>>>

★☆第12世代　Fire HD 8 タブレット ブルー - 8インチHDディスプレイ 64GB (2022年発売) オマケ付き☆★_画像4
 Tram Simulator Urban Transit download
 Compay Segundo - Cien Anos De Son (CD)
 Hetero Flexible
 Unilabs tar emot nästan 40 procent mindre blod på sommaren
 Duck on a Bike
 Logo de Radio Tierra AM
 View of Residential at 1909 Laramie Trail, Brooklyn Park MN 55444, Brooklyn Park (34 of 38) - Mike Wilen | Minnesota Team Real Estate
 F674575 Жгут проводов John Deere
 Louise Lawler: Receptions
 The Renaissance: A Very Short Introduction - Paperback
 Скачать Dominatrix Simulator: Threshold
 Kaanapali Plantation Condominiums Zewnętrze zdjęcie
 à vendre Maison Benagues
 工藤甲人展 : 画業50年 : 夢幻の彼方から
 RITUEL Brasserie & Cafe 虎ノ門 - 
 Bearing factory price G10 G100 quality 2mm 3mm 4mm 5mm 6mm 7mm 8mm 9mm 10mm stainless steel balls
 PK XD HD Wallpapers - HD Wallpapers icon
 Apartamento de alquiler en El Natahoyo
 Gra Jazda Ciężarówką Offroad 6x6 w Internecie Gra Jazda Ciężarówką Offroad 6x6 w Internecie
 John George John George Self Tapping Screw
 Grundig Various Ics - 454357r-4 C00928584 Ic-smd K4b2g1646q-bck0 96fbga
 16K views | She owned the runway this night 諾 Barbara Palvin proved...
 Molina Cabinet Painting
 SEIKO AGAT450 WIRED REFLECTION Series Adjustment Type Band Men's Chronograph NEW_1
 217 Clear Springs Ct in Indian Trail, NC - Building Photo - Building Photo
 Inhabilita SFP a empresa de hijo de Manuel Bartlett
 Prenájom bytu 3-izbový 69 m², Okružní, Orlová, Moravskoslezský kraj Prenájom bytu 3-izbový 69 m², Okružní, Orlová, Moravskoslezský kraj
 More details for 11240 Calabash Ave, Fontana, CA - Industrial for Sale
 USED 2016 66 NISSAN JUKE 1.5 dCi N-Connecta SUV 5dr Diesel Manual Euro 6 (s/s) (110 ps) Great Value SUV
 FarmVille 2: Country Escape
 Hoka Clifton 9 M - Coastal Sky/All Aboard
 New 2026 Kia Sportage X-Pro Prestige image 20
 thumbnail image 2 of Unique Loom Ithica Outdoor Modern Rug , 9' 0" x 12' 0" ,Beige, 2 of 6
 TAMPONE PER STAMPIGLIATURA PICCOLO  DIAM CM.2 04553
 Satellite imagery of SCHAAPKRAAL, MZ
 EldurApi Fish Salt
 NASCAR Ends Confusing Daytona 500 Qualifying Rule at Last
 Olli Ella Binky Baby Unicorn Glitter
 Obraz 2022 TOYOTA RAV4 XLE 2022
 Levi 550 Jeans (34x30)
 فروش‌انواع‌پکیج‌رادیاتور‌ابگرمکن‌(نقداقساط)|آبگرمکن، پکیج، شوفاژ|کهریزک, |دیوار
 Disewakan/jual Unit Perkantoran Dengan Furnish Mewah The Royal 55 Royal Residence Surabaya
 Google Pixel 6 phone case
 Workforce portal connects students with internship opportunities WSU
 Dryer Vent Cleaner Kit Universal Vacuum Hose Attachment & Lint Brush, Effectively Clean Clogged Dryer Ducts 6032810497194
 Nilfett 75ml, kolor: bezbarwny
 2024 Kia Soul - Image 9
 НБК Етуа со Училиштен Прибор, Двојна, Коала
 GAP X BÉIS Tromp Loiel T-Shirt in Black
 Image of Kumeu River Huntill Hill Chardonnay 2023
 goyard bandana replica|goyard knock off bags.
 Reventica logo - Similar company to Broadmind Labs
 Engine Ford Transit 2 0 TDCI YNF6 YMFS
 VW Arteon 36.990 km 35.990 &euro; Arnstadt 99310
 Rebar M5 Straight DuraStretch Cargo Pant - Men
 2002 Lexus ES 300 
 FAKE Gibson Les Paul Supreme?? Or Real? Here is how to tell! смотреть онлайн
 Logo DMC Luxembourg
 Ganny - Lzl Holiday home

<<<

■ WHAT THE TASK REQUIRES:
Of the entries above, repeat exactly the lines from the line with "Скачать Dominatrix Simulator: Threshold" through the line with "Satellite imagery of SCHAAPKRAAL, MZ", both of them included.

■ ANSWER TO THE EXERCISE:
 Скачать Dominatrix Simulator: Threshold
 Kaanapali Plantation Condominiums Zewnętrze zdjęcie
 à vendre Maison Benagues
 工藤甲人展 : 画業50年 : 夢幻の彼方から
 RITUEL Brasserie & Cafe 虎ノ門 - 
 Bearing factory price G10 G100 quality 2mm 3mm 4mm 5mm 6mm 7mm 8mm 9mm 10mm stainless steel balls
 PK XD HD Wallpapers - HD Wallpapers icon
 Apartamento de alquiler en El Natahoyo
 Gra Jazda Ciężarówką Offroad 6x6 w Internecie Gra Jazda Ciężarówką Offroad 6x6 w Internecie
 John George John George Self Tapping Screw
 Grundig Various Ics - 454357r-4 C00928584 Ic-smd K4b2g1646q-bck0 96fbga
 16K views | She owned the runway this night 諾 Barbara Palvin proved...
 Molina Cabinet Painting
 SEIKO AGAT450 WIRED REFLECTION Series Adjustment Type Band Men's Chronograph NEW_1
 217 Clear Springs Ct in Indian Trail, NC - Building Photo - Building Photo
 Inhabilita SFP a empresa de hijo de Manuel Bartlett
 Prenájom bytu 3-izbový 69 m², Okružní, Orlová, Moravskoslezský kraj Prenájom bytu 3-izbový 69 m², Okružní, Orlová, Moravskoslezský kraj
 More details for 11240 Calabash Ave, Fontana, CA - Industrial for Sale
 USED 2016 66 NISSAN JUKE 1.5 dCi N-Connecta SUV 5dr Diesel Manual Euro 6 (s/s) (110 ps) Great Value SUV
 FarmVille 2: Country Escape
 Hoka Clifton 9 M - Coastal Sky/All Aboard
 New 2026 Kia Sportage X-Pro Prestige image 20
 thumbnail image 2 of Unique Loom Ithica Outdoor Modern Rug , 9' 0" x 12' 0" ,Beige, 2 of 6
 TAMPONE PER STAMPIGLIATURA PICCOLO  DIAM CM.2 04553
 Satellite imagery of SCHAAPKRAAL, MZ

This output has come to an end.